Now, this is where “deep learning” comes into play. Roughly speaking, we can think of deep learning as “clever” tricks or algorithms that can help we with the training of such “deep” neural network structures. There are many, many different neural network architectures, but to continue with the example of the MLP, let me introduce the idea of convolutional neural networks (ConvNets). We can think of those as an “add-on” to our MLP that helps we to detect features as “good” inputs for our MLP.
In applications of “usual” machine learning, there is typically a strong focus on the feature engineering part; the model learned by an algorithm can only be so good as its input data. Of course, there must be sufficient discriminatory information in our dataset, however, the performance of machine learning algorithms can suffer substantially when the information is buried in meaningless features. The goal behind deep learning is to automatically learn the features from (somewhat) noisy data; it’s about algorithms that do the feature engineering for us to provide deep neural network structures with meaningful information so that it can learn more effectively. We can think of deep learning as algorithms for automatic “feature engineering,” or we could simply call them “feature detectors,” which help us to overcome the vanishing gradient challenge and facilitate the learning in neural networks with many layers.

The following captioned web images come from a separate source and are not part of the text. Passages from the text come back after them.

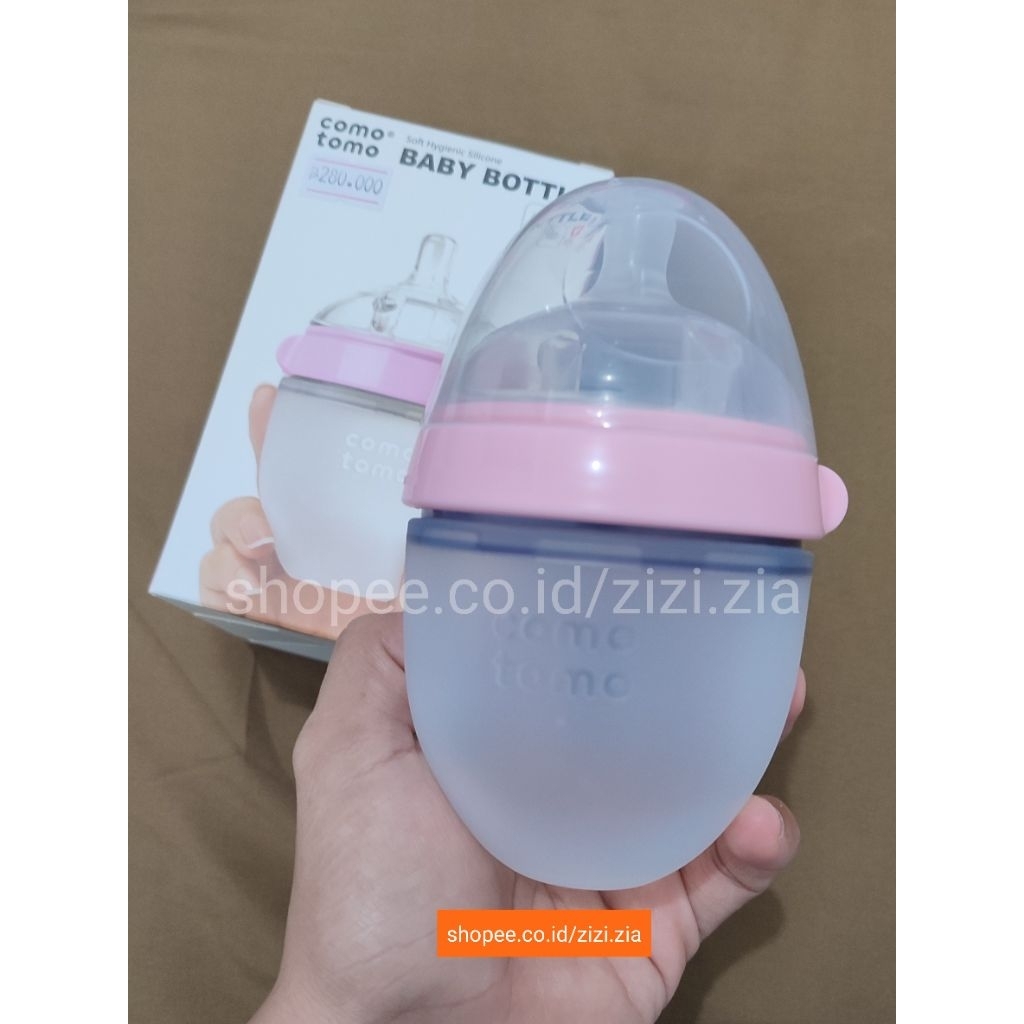comotomo botol susu preloved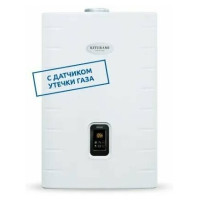 Настенный газовый котел Kiturami World Alpha S-35 (2х контурный, турбо)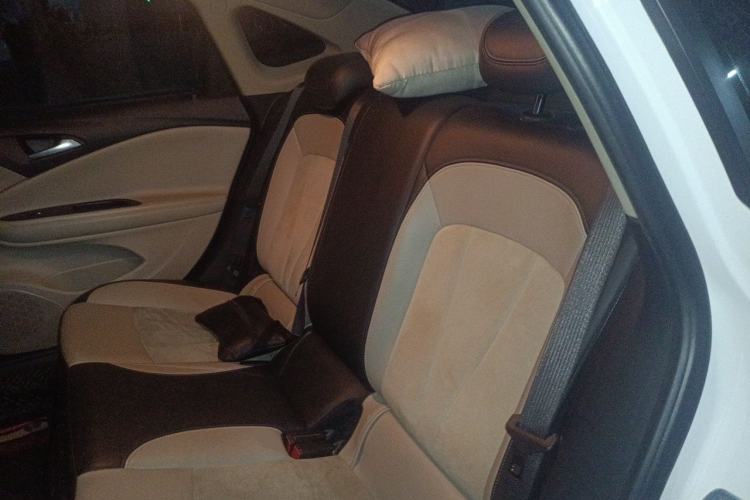 Used Buick Verano 2018 Sedan 15S Automatic Leading Model Left Rear Seat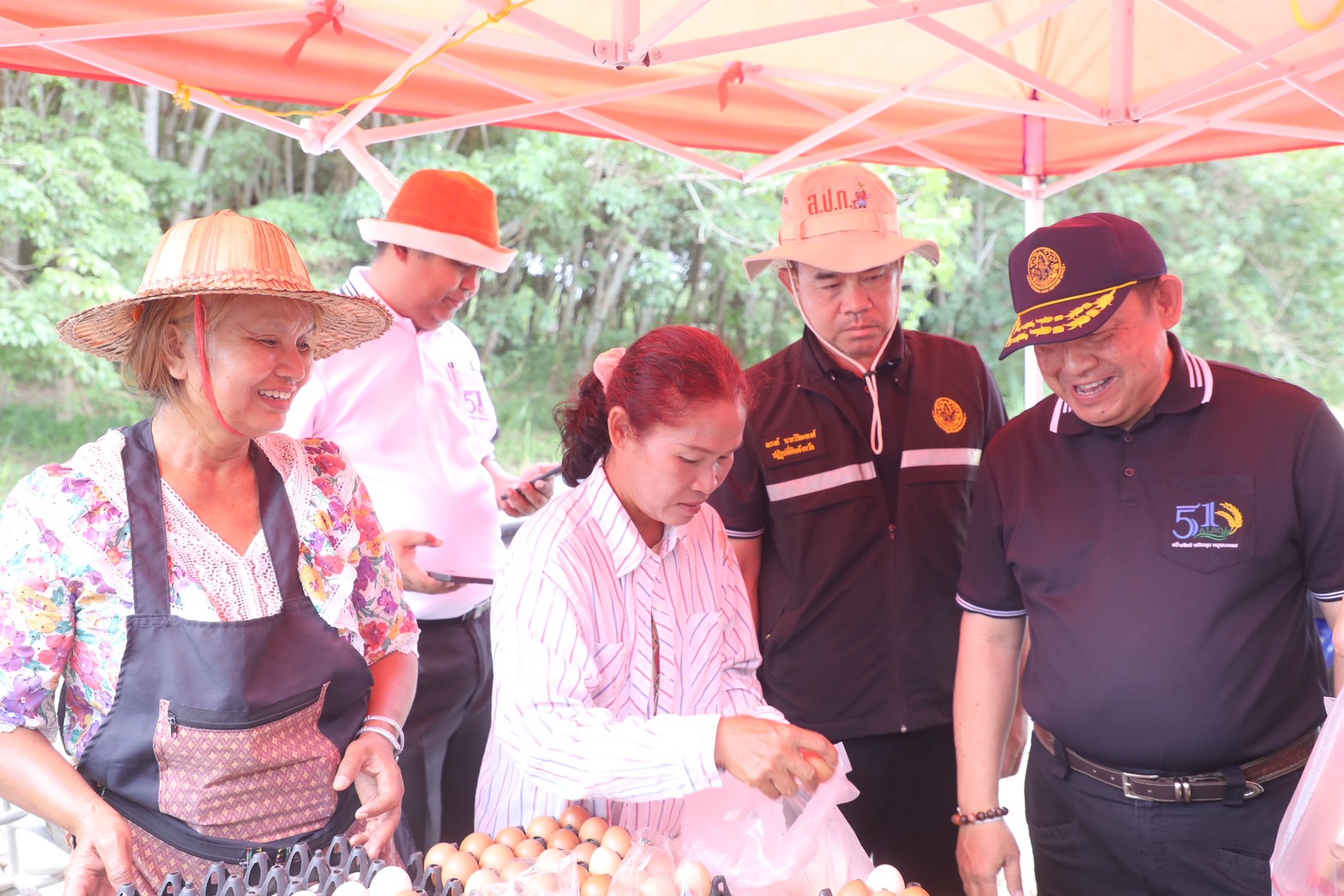 title - ส.ป.ก. ส่งมอบโครงการ “โครงการนำร่องระบบสูบน้ำ พลังงานแสงอาทิตย์เพื่อการเกษตรในเขตปฏิรูปที่ดิน” (Pilot Solar Pumping System for Agiculture in ALRO Area)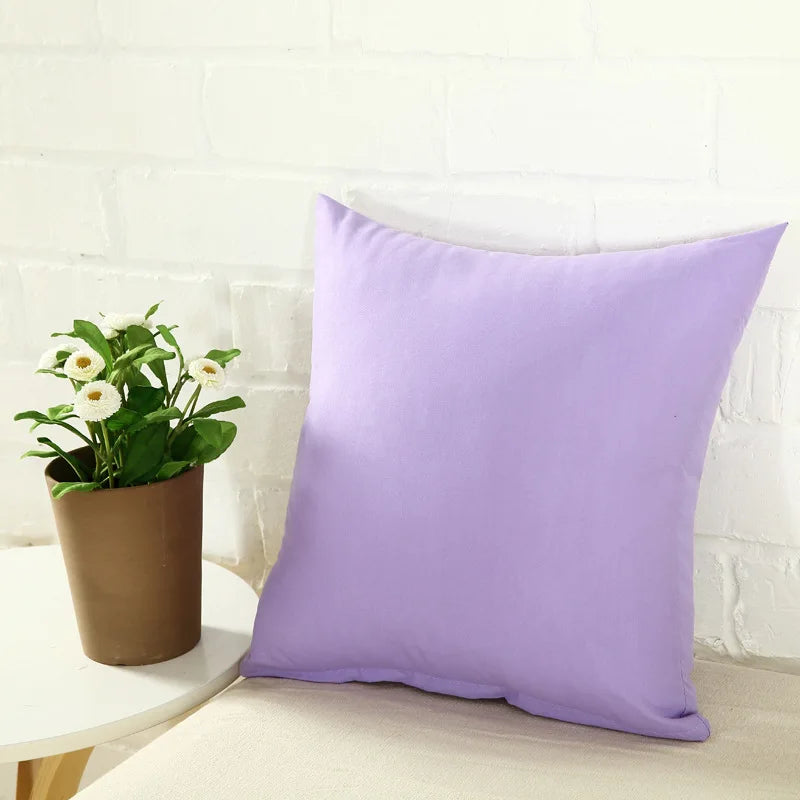 Taies d'oreillers unies Home Décor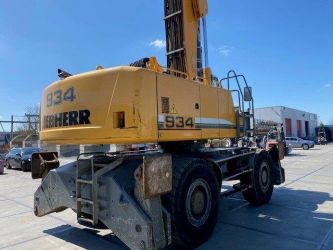 Liebherr A934C HD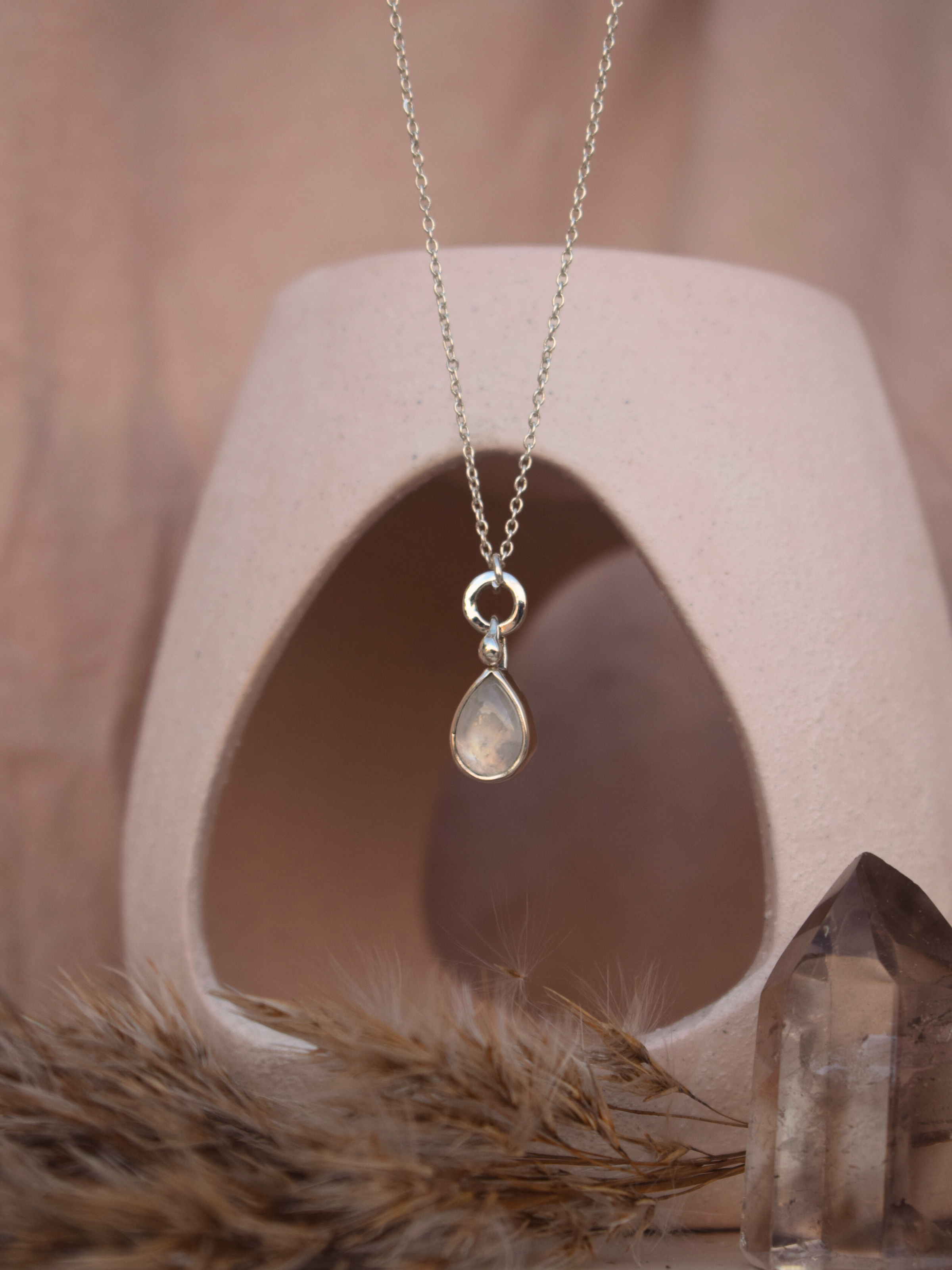 Sol Necklace - Moonstone
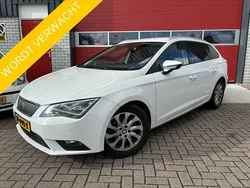 Wit Gebruikt 2016 Seat Leon ST CONNECT Stationwagen | € 9.444 (Eerlijke prijs)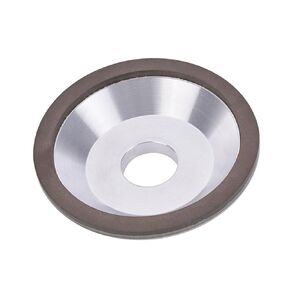 180 Grit Metal Coated Concave Cup Shaped Grinding Wheel Grinding Disc Replacement for Metal Metalworking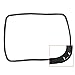 DL-pro Türdichtung für Bosch Siemens Neff 096824 00096824 rundum 8Haken Dichtung Backofendichtung Gummidichtung Dichtungsgummi Dichtgummi Backofentürdichtung für Backofentür Backofen Ofen Herd
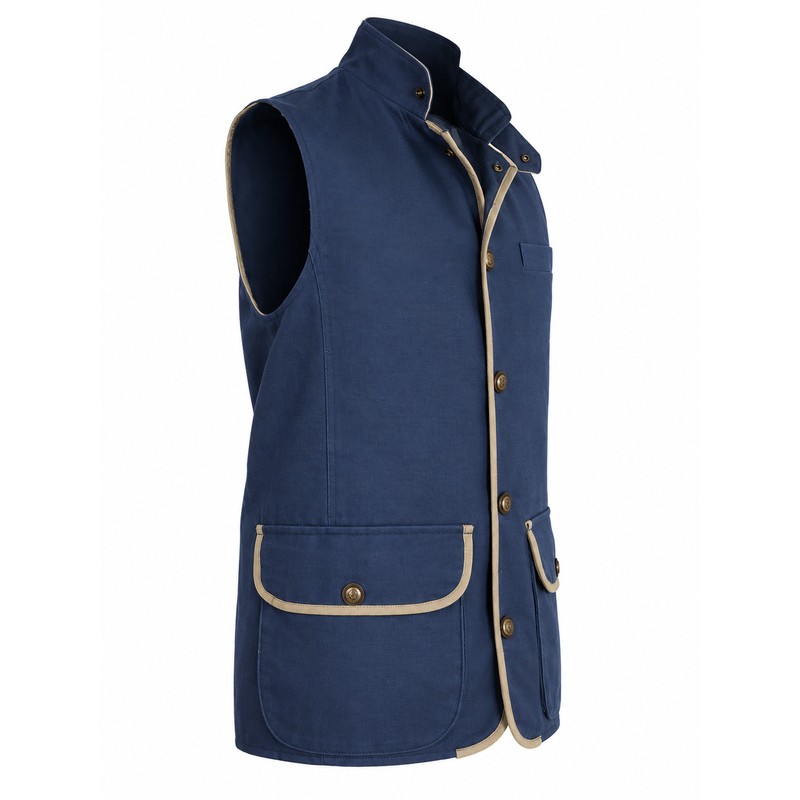 Gilet GIROLATA Marine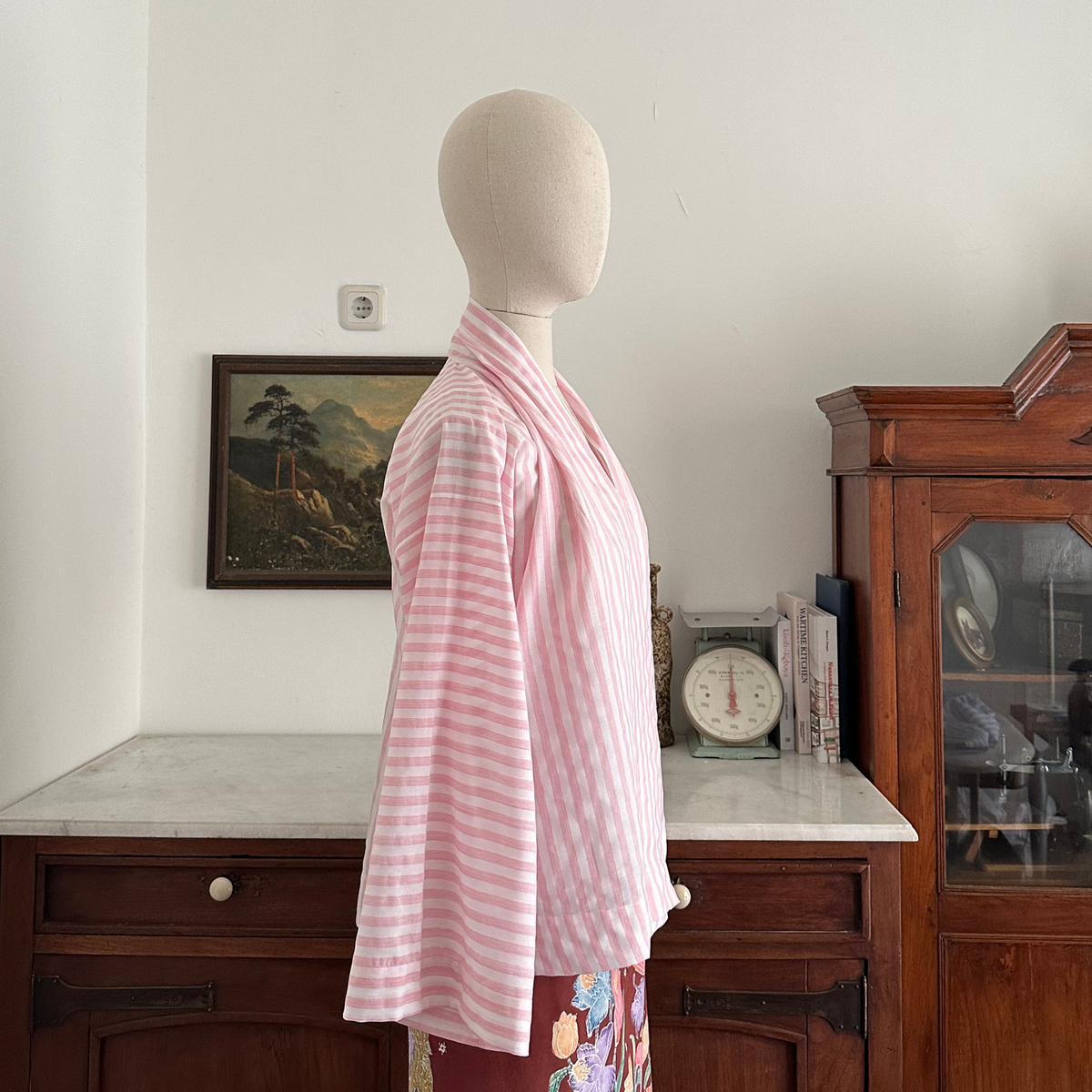 1900s Style Working Class Kebaya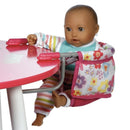 Adora Doll Accessories Portable Table Feeding Seat Image 11
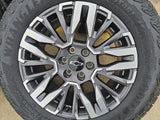 20" Chevy Silverado Z71 GMC Sierra Canyon Colorado OEM wheels rims 2025 2026 NEW Texas Truck Tire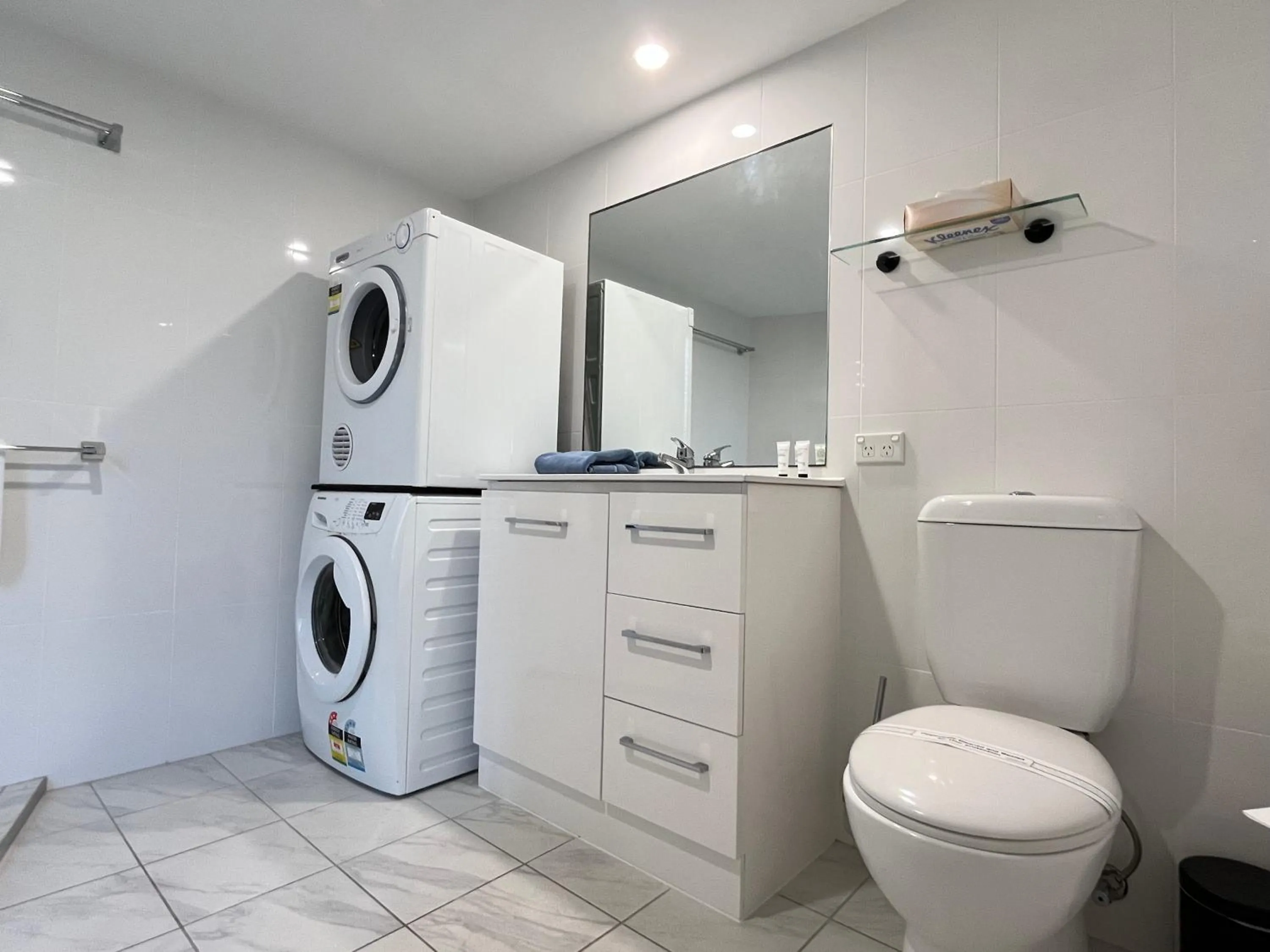 Bathroom in Agnes Water Beach Club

Let’s consider a ConvNet in context of image classification. Here, we use so-called “receptive fields” (think of them as “windows”) that slide over our image. We then connect those “receptive fields” (for example of the size of 5×5 pixel) with 1 unit in the next layer, this is the so-called “feature map.” After this mapping, we have constructed a so-called convolutional layer. Note that our feature detectors are basically replicates of one another — they share the same weights. The idea is that if a feature detector is useful in one part of the imagine it is likely that it is useful somewhere else, but at the same time it allows each patch of image to be represented in several ways.
Next, we have a “pooling” layer, where we reduce neighboring features from our feature map into single units (by taking the max feature or by averaging them, for example). We do this over many rounds and eventually arrive at an almost scale invariant representation of our image (the exact term is “equivariant”). This is very powerful since we can detect objects in an image no matter where they are located.
In essence, the “convolutional” add-on that acts as a feature extractor or filter to our MLP. Via the convolutional layers we aim to extract the useful features from the images, and via the pooling layers, we aim to make the features somewhat equivariant to scale and translation.